Location
- Narcot Lane Chalfont St Peter, Buckinghamshire England 51°36′34″N 0°34′13″W﻿ / ﻿51.609542°N 0.570184°W

Information
- Type: Academy
- Motto: Success is an attitude
- Specialist: Technology College and Training School
- Department for Education URN: 137215 Tables
- Ofsted: Reports
- Principal: Caroline Whitehead
- Staff: 161
- Gender: Co-educational
- Age: 11 to 18
- Enrolment: 1,481
- Houses: None
- Colour: Blue
- Website: http://www.chalfonts.org/

= Chalfonts Community College =

Academy in Buckinghamshire, England

Chalfonts Community College is a co-educational secondary school in Chalfont St Peter, Buckinghamshire. It takes children from the age of 11 through to 18 and has approximately 1,481 pupils. In August 2011 the school became an Academy.

==About==
In September 2002 the Department for Education and Skills (DfES) awarded the school specialist school status as a Technology College. The college was also awarded a second specialism, and also had Training School Status.

In 2008 it was reported that the school was paying sixth form students to teach younger pupils at the school, instead of employing qualified supply teachers whose quality of teaching the school had sometimes felt to be lacking. Twenty-four students were being paid £5 for fifty minutes of teaching a subject, which they were studying at A-level.
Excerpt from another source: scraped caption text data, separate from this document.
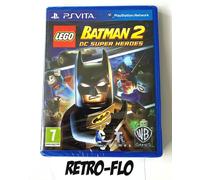Lego Batman 2 DC Super Heroes - Playstation PS Vita Game - NEW - ES Import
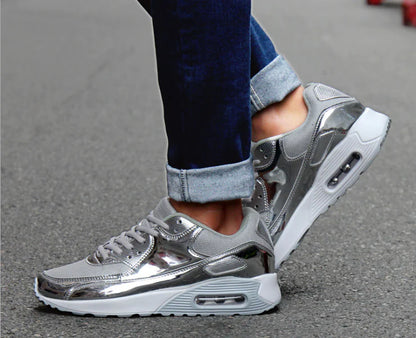 Korean Summer Breathable Running Shoes for Men and Women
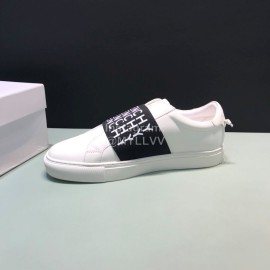 Givenchy Cowhide Casual Sneakers For Men And Women Black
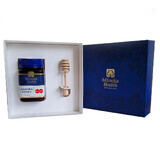 Manuka Health gift set, Manuka honey MGO 550+, 500 g + free wooden spoon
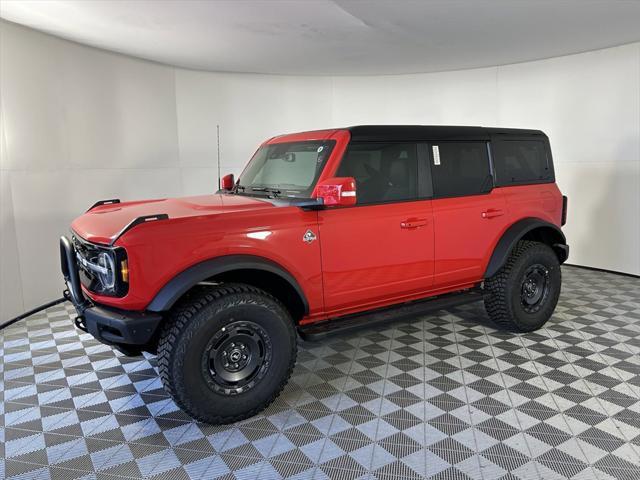 new 2024 Ford Bronco car, priced at $58,890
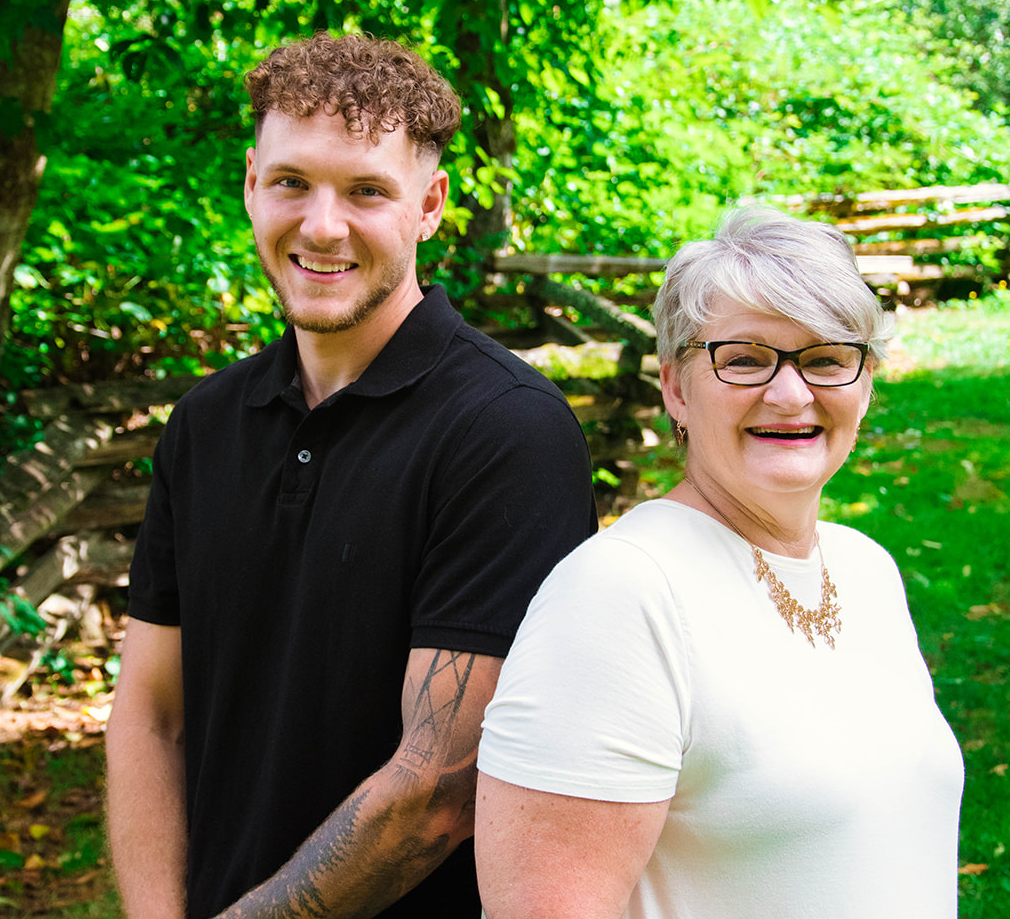 Garrett and Dawn from Get Started Home Services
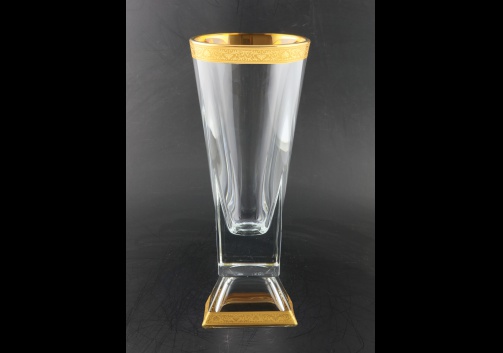 Fusion VVD FNGC CH Large Vase V300 36,5cm 1pc in Romance Golden Classic Decor (33-994)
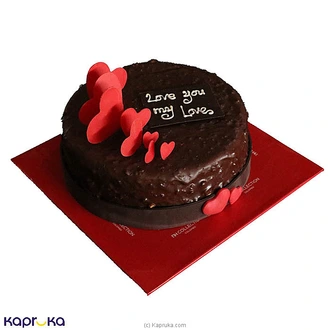 NH COLLECTION VALENTINE LOVE YOU MY LOVE CAKE Buy Cake Delivery Online for specialGifts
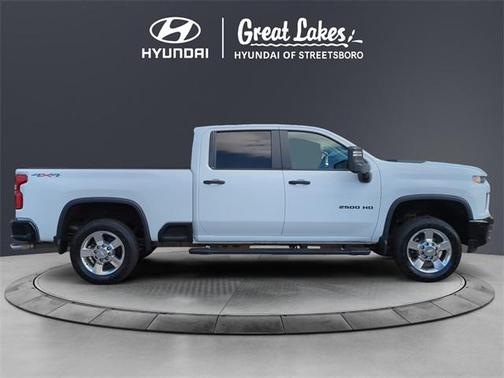 2020 Chevrolet Silverado 2500 Custom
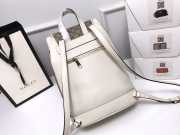 Gucci Horsebit 1955 Backpack White 620849  - 4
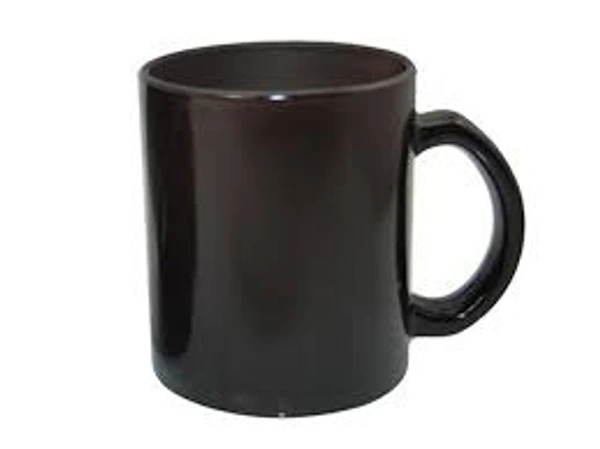 Glass Magic Mug With Photo visible in hot - 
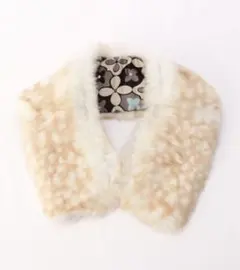 &Bridge ファッション襟 ファーティペット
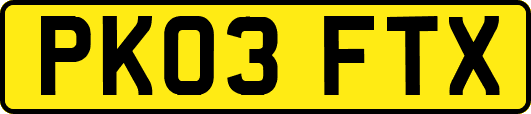 PK03FTX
The students were given training and were accompanied by an adult in the classroom.

==Creative and Media Diploma and Engineering Diploma==

In 2008, the Chalfonts Community College began to road test the edexcel engineering diploma.

The school was one of two that taught the diploma, and the current year eleven students are still completing the course. The Creative and Media Diploma was successfully launched in September 2009.

== Ofsted ==
The school was rated "Good" by Ofsted in both November 2013, May 2017 and February 2023.

== Notable former pupils ==
- Mark McGuinness - Footballer currently playing for Sheffield United.

- Lydia Alty - Royal Journalist and YouTuber, who covers the British Royal Family attended to school from 2016 to 2023.